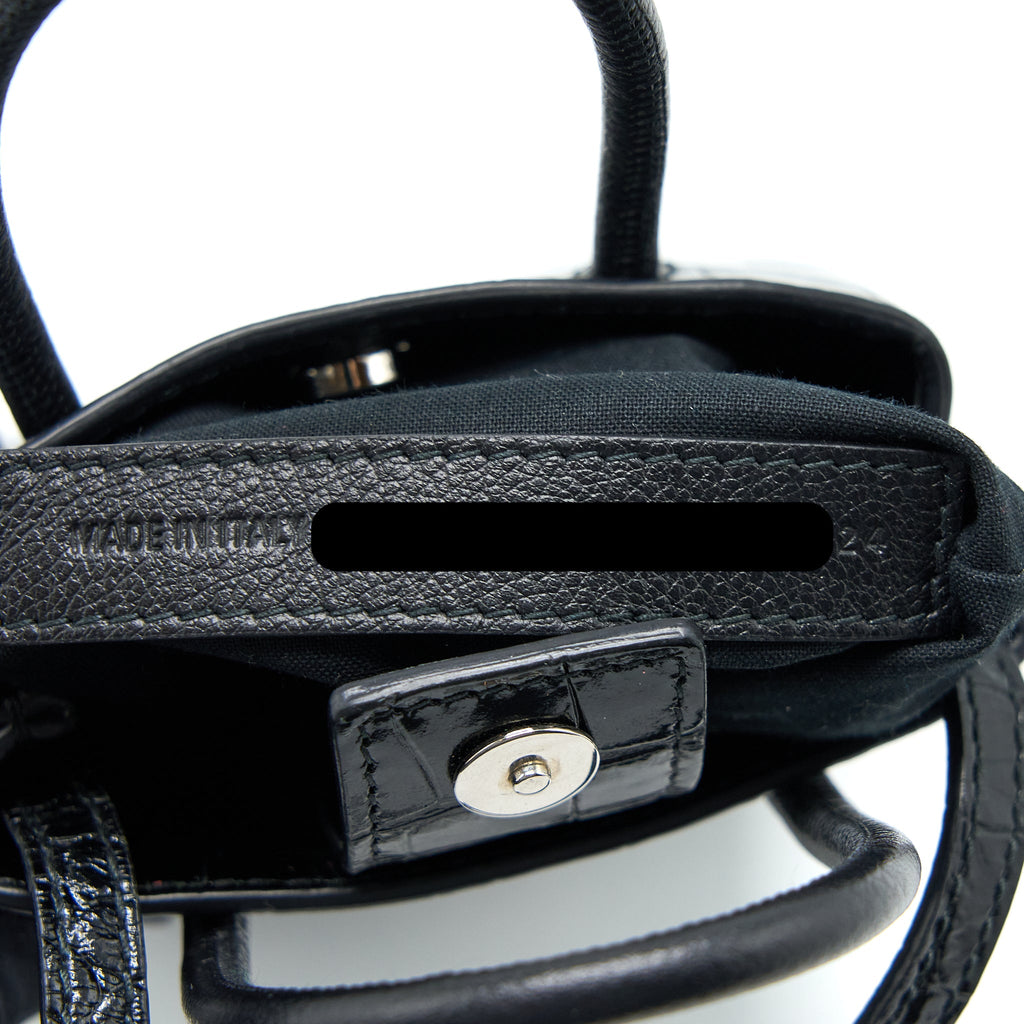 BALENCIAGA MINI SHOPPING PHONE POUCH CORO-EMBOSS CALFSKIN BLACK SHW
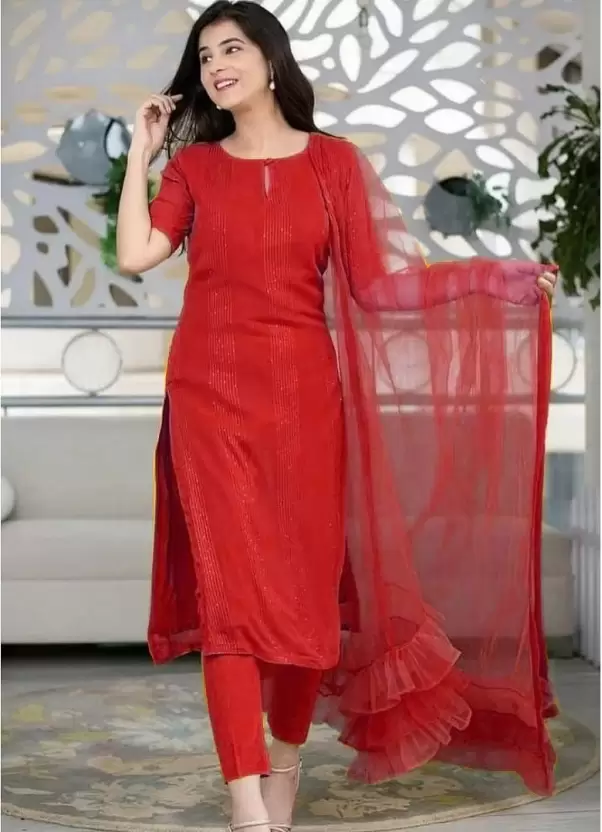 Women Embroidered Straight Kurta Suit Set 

--

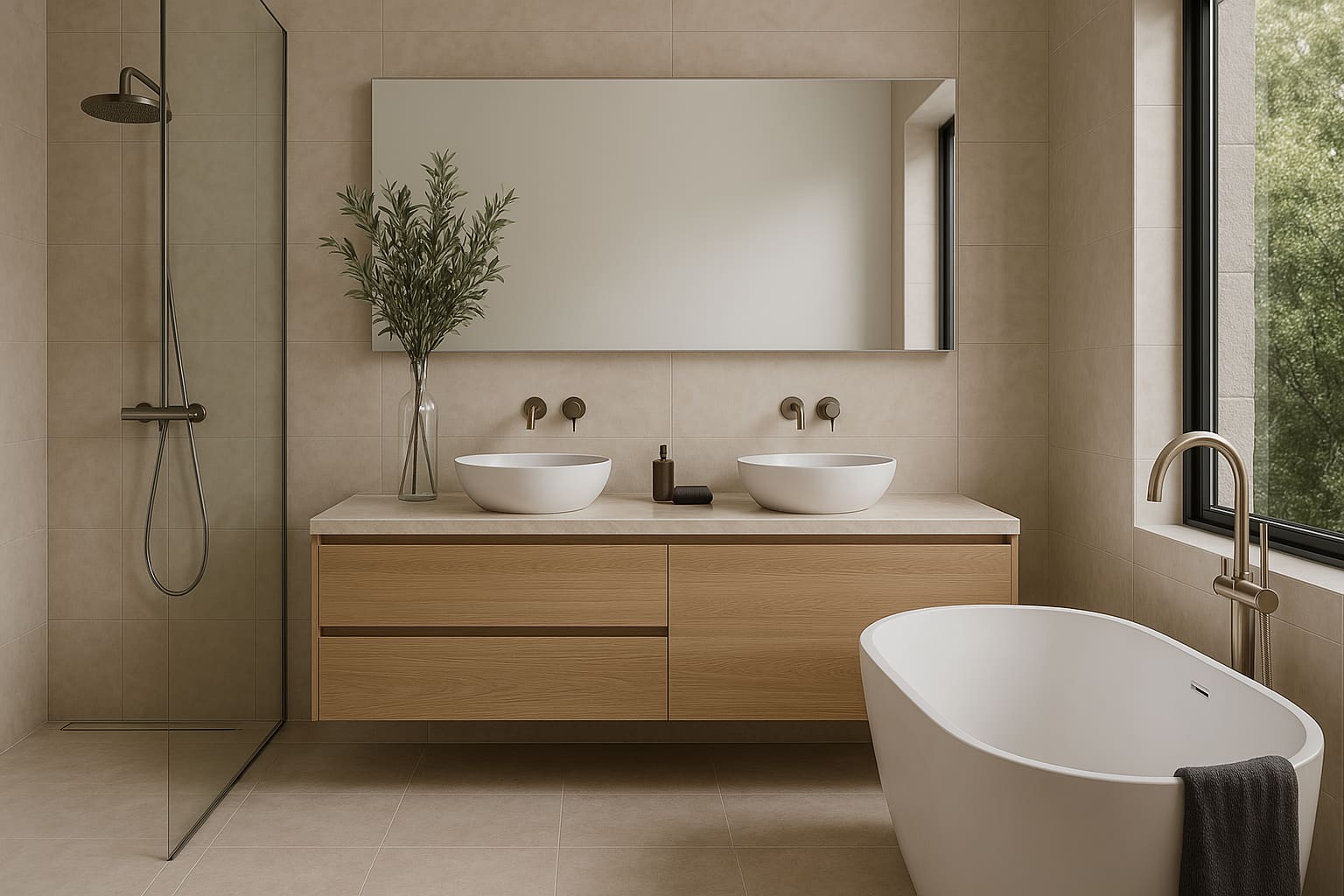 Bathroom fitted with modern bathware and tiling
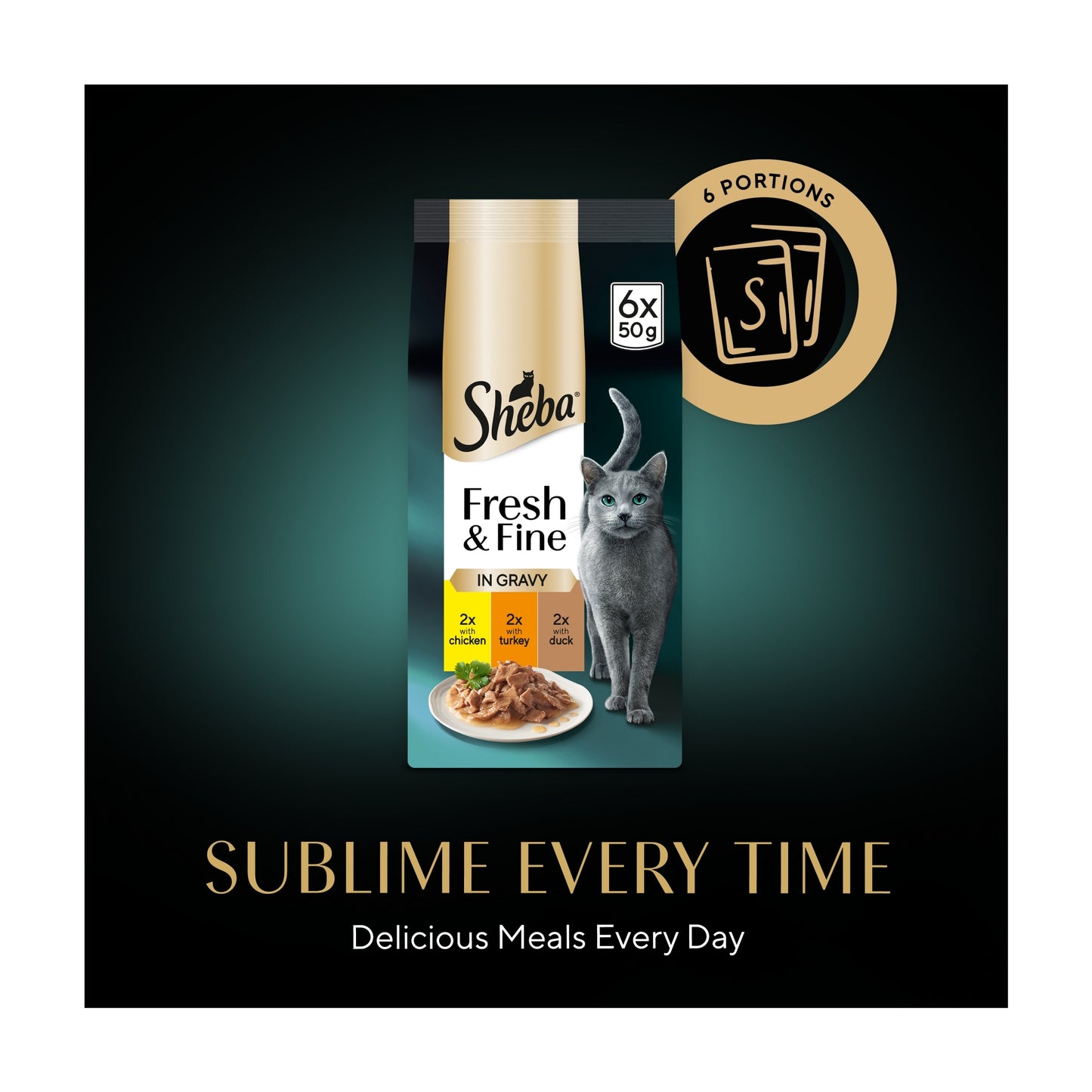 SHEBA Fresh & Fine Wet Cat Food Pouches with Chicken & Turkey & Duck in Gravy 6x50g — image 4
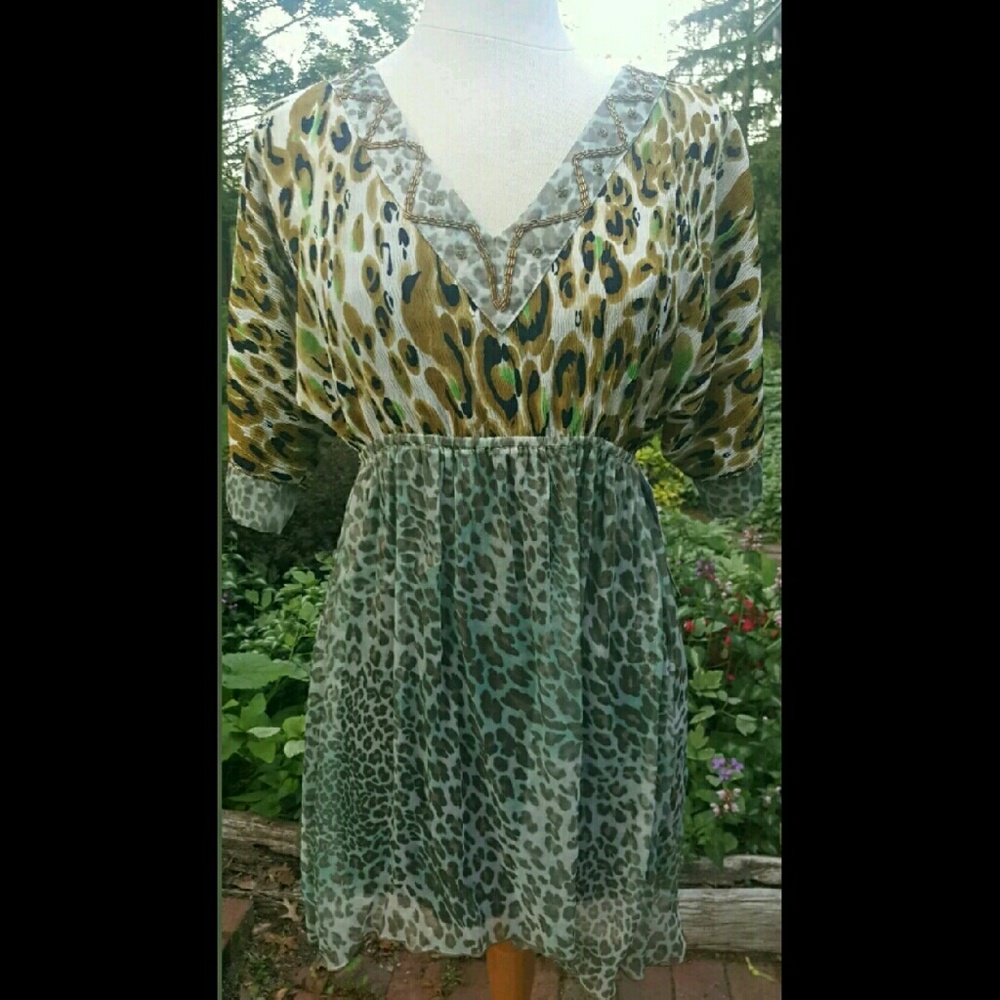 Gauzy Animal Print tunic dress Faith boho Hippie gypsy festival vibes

## DIRECTIONS FOR THIS TASK
Print exactly the lines above that run from the one with "BALENCIAGA MINI SHOPPING" down to the one with "Women Embroidered Straight Kurta Suit Set", and omit the pictures.

## RESULT OF THIS EXERCISE
 BALENCIAGA MINI SHOPPING PHONE POUCH CORO-EMBOSS CALFSKIN BLACK SHW
 Women Embroidered Straight Kurta Suit Set 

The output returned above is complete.